> **YOUR INSTRUCTIONS**: Below are entries. Copy exactly the lines running from the line that holds "Sale, house, 276m², Gorica" to the line that holds "Building Photo - 176 N Waterway Dr NW", with both ends included.

> **EXERCISE INPUT**:
=== Begin Enclosure ===

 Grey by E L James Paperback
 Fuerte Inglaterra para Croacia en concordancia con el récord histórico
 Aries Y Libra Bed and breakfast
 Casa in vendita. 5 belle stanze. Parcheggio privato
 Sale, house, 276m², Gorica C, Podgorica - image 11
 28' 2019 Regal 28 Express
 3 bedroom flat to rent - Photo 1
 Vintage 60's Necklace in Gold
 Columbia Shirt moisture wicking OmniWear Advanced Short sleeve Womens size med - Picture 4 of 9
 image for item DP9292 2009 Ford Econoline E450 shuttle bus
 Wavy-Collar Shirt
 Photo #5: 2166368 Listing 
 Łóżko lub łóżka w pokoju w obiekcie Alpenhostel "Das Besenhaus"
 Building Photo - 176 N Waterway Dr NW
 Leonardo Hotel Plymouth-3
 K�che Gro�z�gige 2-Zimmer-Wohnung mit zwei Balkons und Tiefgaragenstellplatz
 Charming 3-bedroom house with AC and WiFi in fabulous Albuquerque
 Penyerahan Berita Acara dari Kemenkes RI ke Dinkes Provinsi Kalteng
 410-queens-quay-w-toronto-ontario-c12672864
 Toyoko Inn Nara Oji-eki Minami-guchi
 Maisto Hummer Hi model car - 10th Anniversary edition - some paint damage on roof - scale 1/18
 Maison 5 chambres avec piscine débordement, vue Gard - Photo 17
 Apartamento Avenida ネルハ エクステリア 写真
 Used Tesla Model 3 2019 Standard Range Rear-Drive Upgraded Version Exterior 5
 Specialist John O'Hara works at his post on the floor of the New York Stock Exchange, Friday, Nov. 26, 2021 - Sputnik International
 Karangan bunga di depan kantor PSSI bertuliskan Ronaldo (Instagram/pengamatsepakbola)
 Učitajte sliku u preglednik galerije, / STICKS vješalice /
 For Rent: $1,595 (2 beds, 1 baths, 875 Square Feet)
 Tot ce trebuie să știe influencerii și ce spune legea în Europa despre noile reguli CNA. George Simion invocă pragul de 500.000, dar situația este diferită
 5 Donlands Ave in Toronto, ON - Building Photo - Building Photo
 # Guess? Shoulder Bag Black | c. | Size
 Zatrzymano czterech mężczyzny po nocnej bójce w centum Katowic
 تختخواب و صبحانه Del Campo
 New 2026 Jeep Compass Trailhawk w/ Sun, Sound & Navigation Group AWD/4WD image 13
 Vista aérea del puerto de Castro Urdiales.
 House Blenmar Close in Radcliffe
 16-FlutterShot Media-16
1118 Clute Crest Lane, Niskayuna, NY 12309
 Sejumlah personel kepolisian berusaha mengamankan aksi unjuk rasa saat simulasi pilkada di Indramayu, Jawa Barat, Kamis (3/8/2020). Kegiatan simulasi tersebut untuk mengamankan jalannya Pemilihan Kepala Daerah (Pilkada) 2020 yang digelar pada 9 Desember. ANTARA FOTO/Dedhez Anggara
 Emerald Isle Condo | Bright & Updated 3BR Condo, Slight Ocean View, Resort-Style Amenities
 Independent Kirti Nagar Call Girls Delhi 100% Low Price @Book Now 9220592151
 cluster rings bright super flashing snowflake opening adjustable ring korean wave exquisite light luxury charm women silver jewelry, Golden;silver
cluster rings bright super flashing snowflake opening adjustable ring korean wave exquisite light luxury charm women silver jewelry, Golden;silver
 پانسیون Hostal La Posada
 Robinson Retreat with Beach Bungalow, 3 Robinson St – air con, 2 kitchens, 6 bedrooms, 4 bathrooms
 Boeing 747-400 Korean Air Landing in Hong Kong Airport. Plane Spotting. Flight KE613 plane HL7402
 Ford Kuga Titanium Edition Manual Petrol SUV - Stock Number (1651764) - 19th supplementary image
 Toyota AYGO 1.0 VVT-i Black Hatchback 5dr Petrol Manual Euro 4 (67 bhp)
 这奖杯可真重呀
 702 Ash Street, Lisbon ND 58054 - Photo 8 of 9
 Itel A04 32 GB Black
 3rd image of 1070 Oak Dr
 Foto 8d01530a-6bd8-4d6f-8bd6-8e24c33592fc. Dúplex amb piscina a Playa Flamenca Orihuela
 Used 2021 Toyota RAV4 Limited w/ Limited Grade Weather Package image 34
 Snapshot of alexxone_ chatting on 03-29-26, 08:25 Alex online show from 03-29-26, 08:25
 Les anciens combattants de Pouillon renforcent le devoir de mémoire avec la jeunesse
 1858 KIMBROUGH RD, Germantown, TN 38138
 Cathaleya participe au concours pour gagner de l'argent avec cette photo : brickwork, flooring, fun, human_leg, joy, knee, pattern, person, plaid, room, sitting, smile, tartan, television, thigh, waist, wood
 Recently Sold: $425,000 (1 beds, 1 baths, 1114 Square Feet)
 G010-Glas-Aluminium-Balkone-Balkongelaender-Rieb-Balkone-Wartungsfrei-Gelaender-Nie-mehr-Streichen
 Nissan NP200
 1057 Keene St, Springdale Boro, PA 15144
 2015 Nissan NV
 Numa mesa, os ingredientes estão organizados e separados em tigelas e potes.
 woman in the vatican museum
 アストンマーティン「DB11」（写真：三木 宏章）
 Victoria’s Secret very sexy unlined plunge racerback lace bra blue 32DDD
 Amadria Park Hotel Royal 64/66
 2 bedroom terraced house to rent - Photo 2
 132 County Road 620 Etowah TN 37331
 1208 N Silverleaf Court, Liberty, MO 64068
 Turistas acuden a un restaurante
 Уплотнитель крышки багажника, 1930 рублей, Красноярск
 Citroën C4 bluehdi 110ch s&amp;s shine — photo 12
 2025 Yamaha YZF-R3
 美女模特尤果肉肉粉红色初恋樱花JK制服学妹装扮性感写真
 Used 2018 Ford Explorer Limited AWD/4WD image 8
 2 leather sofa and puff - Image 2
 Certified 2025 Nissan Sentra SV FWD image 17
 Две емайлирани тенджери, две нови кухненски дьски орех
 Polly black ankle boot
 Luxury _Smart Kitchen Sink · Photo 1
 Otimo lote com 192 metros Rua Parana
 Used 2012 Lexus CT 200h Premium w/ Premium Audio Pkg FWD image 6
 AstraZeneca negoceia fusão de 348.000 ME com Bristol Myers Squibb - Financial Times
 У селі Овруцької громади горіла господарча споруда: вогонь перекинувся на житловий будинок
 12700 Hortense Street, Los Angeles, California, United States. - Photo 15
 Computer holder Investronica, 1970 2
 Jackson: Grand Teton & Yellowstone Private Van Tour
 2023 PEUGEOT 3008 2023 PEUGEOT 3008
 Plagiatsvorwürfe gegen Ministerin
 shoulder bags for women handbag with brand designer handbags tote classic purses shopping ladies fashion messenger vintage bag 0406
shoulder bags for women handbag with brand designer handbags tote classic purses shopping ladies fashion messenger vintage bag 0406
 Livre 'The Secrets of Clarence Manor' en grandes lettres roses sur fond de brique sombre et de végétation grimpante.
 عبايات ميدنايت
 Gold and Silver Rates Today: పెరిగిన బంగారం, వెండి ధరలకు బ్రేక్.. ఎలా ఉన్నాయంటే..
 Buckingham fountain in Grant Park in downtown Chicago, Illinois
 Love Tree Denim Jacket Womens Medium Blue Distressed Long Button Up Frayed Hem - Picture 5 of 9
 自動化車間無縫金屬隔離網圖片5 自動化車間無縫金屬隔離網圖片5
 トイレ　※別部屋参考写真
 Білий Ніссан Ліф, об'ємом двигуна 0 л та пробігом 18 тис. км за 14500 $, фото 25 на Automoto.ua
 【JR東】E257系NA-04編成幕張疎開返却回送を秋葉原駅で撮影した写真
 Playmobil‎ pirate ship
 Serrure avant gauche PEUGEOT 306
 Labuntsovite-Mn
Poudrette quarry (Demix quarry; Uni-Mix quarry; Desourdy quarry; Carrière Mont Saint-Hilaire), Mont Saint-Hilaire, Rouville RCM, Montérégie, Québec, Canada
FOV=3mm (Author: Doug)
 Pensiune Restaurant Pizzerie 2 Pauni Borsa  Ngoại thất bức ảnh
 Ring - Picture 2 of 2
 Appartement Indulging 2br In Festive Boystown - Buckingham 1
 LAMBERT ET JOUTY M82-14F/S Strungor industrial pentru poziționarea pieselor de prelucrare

=== End Enclosure ===

> **TASK RESULT**:
 Sale, house, 276m², Gorica C, Podgorica - image 11
 28' 2019 Regal 28 Express
 3 bedroom flat to rent - Photo 1
 Vintage 60's Necklace in Gold
 Columbia Shirt moisture wicking OmniWear Advanced Short sleeve Womens size med - Picture 4 of 9
 image for item DP9292 2009 Ford Econoline E450 shuttle bus
 Wavy-Collar Shirt
 Photo #5: 2166368 Listing 
 Łóżko lub łóżka w pokoju w obiekcie Alpenhostel "Das Besenhaus"
 Building Photo - 176 N Waterway Dr NW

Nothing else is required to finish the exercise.